Twitter went through a brand refresh that evolved its identity. Those changes made the brand and marketing feel disconnected from the visual language of the product itself. It was time our consumer-facing products developed to align with the same energy of Twitter’s marketing voice. 

 

My ROLE

Product Designer

PROJECT LEADS

Ashlie Ford, Teresa Mershon & Audrey Davis

DESIGNERS

Jason Sofonia, Meghan M, Emma Lundin, Artem Artemov, Mustafa M, Anton Shultz, and Ed Wang

PROJECT MANAGERS

A’yen Tran & Christina Milan

 

THE BRAND

Twitter’s new brand style had an art-first approach that leaned on emotion and expression. The brand team built a system that could allow a range of topics and moods, like those discussed on Twitter.

Blog article with more brand process details.

 
 

OUR PROCESS

The Design systems team started by understanding and dissecting all the elements of Twitter’s new brand. The process allowed us to focus on all the overarching themes and form our design principles to guide the product's visual direction.

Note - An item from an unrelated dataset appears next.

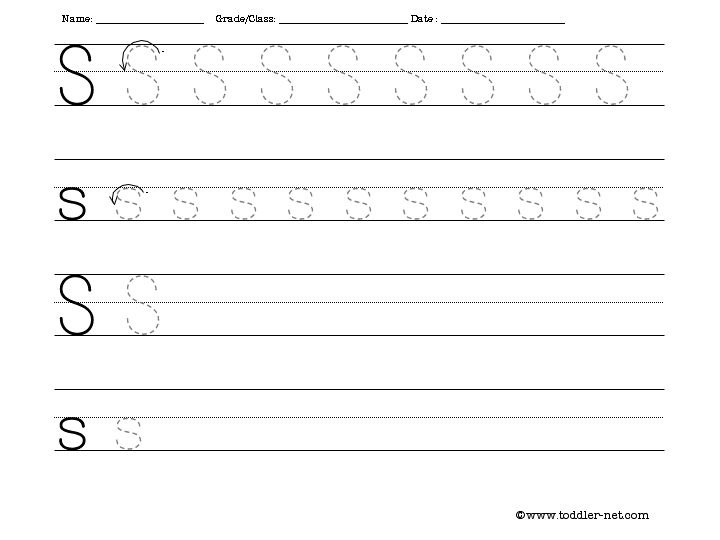 Tracing And Writing Letter S Worksheet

We also looked at all the styles we had explored via illustrations, stickers, and colors while the Twitter rebrand occurred.

 
 

EXPLORATIONS

A large part of our work was defining the visual principles; these would guide our decisions as we explored the future visual language of Twitter.

 
 

before

PROPOSAL

 

LAUNCHING THE NEW VDL

Our launch was slow and methodical. We ran experiments first to see if our type styles, color styles, buttons, icons, illustrations, and pattern changes would cause any adverse effects. Our final decisions were always based on data. There were times we had to roll back a few design decisions. Our priority was continuously improving the experience of our consumers.

 
 
 

UPDATING OUR DESIGN SYSTEM LIBRARIES

We took this opportunity to evolve our libraries and create and maintain a centralized documentation site for designers to access a single source of truth of all styles, design tokens, accessibility practices, patterns, and use case guidelines of the design system.